Given the material below, output exactly the lines from the line with "DSC02748_1.jpg DSC02748_1.jpg" to the line with "El silencio estadounidense", both ends included, and no other lines.
--- START ---
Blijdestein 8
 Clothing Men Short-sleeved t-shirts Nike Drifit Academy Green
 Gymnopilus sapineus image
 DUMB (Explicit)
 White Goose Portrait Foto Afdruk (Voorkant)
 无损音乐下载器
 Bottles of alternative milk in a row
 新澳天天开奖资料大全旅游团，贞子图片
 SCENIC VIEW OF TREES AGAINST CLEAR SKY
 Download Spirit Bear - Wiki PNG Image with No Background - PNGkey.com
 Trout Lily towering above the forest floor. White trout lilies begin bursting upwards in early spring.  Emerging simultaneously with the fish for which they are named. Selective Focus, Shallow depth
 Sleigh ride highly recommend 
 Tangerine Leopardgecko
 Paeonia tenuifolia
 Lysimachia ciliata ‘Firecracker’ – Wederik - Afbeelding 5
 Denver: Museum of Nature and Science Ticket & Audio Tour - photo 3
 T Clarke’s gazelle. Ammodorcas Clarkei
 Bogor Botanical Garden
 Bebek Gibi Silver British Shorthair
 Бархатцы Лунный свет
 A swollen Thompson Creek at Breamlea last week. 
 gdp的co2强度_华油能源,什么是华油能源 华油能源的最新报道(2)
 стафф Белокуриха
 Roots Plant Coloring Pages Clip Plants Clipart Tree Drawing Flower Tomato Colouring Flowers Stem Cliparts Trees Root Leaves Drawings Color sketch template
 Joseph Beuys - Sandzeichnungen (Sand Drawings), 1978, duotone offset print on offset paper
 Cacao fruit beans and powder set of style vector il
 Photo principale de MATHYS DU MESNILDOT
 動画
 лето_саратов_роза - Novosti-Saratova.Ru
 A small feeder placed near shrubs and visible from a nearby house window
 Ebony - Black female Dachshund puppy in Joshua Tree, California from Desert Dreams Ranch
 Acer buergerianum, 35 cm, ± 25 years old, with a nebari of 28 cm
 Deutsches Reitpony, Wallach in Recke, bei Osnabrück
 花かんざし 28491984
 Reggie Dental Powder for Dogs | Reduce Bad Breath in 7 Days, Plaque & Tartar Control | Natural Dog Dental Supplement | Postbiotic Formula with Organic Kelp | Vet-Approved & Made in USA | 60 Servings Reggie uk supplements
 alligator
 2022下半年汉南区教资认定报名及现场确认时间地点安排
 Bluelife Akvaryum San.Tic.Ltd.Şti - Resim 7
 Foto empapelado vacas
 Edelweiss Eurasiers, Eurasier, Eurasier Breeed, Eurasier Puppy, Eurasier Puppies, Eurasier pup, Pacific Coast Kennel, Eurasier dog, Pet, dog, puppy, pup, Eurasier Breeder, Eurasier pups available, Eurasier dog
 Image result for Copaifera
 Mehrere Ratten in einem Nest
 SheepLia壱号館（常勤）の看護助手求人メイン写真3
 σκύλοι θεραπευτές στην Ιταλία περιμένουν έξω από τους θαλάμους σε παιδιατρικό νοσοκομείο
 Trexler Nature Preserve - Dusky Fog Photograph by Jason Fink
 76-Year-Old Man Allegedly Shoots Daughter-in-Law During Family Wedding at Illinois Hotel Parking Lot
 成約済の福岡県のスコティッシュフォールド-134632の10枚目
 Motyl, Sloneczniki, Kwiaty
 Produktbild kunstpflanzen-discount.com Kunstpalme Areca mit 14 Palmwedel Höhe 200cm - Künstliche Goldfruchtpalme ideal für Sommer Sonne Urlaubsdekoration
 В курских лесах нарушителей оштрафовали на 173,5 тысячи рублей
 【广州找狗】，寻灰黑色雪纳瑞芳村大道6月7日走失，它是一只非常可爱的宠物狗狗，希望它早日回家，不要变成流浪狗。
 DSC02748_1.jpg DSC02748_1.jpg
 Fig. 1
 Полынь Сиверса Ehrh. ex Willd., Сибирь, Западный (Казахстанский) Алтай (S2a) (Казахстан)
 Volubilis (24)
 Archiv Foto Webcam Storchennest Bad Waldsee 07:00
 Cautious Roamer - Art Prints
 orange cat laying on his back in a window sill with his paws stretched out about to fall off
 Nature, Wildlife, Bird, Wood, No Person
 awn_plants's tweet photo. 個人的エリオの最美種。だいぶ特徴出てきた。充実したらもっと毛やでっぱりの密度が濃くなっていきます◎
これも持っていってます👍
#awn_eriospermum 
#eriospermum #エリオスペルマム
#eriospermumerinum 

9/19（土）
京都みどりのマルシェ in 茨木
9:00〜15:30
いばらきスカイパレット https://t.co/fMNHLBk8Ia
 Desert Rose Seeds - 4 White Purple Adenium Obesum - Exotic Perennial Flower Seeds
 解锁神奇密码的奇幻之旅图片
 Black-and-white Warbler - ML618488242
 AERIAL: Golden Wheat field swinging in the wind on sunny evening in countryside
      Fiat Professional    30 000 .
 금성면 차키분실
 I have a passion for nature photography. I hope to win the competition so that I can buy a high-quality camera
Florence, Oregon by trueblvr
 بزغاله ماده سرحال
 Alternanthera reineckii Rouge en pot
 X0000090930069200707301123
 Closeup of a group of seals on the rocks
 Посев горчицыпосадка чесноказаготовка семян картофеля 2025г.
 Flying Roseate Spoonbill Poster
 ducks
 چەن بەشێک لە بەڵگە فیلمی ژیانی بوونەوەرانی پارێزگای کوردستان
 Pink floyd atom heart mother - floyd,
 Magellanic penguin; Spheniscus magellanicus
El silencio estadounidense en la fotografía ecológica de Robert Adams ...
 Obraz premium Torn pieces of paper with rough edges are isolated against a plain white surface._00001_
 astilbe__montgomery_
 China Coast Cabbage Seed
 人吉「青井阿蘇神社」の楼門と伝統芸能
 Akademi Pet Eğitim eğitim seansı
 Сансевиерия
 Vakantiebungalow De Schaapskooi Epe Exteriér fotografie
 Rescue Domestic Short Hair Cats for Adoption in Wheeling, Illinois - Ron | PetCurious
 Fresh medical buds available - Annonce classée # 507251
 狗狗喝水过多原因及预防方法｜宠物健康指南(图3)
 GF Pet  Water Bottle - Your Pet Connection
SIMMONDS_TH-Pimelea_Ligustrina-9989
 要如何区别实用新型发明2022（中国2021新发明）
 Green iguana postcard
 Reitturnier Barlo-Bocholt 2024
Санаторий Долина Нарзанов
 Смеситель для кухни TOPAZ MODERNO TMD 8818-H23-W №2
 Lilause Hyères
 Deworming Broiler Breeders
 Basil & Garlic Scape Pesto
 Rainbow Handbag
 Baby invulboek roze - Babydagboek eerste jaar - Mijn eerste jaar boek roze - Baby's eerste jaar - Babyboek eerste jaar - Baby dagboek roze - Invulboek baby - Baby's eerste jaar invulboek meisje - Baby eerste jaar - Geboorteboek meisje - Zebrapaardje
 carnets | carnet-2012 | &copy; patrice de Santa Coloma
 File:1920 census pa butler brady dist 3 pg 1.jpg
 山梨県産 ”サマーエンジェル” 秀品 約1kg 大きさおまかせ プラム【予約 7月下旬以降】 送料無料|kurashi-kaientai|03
--- END ---
> **Solution to this task**
 DSC02748_1.jpg DSC02748_1.jpg
 Fig. 1
 Полынь Сиверса Ehrh. ex Willd., Сибирь, Западный (Казахстанский) Алтай (S2a) (Казахстан)
 Volubilis (24)
 Archiv Foto Webcam Storchennest Bad Waldsee 07:00
 Cautious Roamer - Art Prints
 orange cat laying on his back in a window sill with his paws stretched out about to fall off
 Nature, Wildlife, Bird, Wood, No Person
 awn_plants's tweet photo. 個人的エリオの最美種。だいぶ特徴出てきた。充実したらもっと毛やでっぱりの密度が濃くなっていきます◎
これも持っていってます👍
#awn_eriospermum 
#eriospermum #エリオスペルマム
#eriospermumerinum 

9/19（土）
京都みどりのマルシェ in 茨木
9:00〜15:30
いばらきスカイパレット https://t.co/fMNHLBk8Ia
 Desert Rose Seeds - 4 White Purple Adenium Obesum - Exotic Perennial Flower Seeds
 解锁神奇密码的奇幻之旅图片
 Black-and-white Warbler - ML618488242
 AERIAL: Golden Wheat field swinging in the wind on sunny evening in countryside
      Fiat Professional    30 000 .
 금성면 차키분실
 I have a passion for nature photography. I hope to win the competition so that I can buy a high-quality camera
Florence, Oregon by trueblvr
 بزغاله ماده سرحال
 Alternanthera reineckii Rouge en pot
 X0000090930069200707301123
 Closeup of a group of seals on the rocks
 Посев горчицыпосадка чесноказаготовка семян картофеля 2025г.
 Flying Roseate Spoonbill Poster
 ducks
 چەن بەشێک لە بەڵگە فیلمی ژیانی بوونەوەرانی پارێزگای کوردستان
 Pink floyd atom heart mother - floyd,
 Magellanic penguin; Spheniscus magellanicus
El silencio estadounidense en la fotografía ecológica de Robert Adams ...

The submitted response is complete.